For as popular as it was during much of the first half of the 20th century, couples dancing seemed poised to go by the wayside of American popular culture by the early 1970s. That is, until the arrival of a dance called the Hustle along with a #1 song by the same name. On this day in 1975, Van McCoy’s “The Hustle” topped the Billboard Hot 100 and Hot Soul Singles charts simultaneously, signaling the beginning of the disco era.
It was the dance called the Hustle that inspired the era-defining hit song rather than the other way around. Singer/songwriter/producer Van McCoy was visiting New York City when a disk-jockey friend tipped him off to a new dance being done by patrons of the Adam’s Apple nightclub on Manhattan’s East Side. McCoy sent a business partner to check out the Hustle, and the report he returned with changed the course of McCoy’s career. Van McCoy had previously written for the Shirelles and Gladys Knight, among other soul/R&B acts, and he’d put together the original Peaches and Herb, but his visit to New York would inspire him to embrace dance music fully and completely, naming his upcoming album Disco Baby and, of course, writing and recording “The Hustle.”

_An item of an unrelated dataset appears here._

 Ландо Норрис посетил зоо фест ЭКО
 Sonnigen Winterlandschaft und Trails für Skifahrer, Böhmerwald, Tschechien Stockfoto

“The Hustle” would earn Van McCoy a Grammy Award for Best Pop Instrumental Performance and give him the biggest hit by far of his tragically shortened career (he died of a heart attack in 1979). The impact of the record went well beyond its commercial success, however. As “The Hustle” climbed the pop charts, it took an already substantial dance craze and turned it into a cultural phenomenon, with variations like the Latin, the Line and the New York Hustles popping up on dance floors nationwide.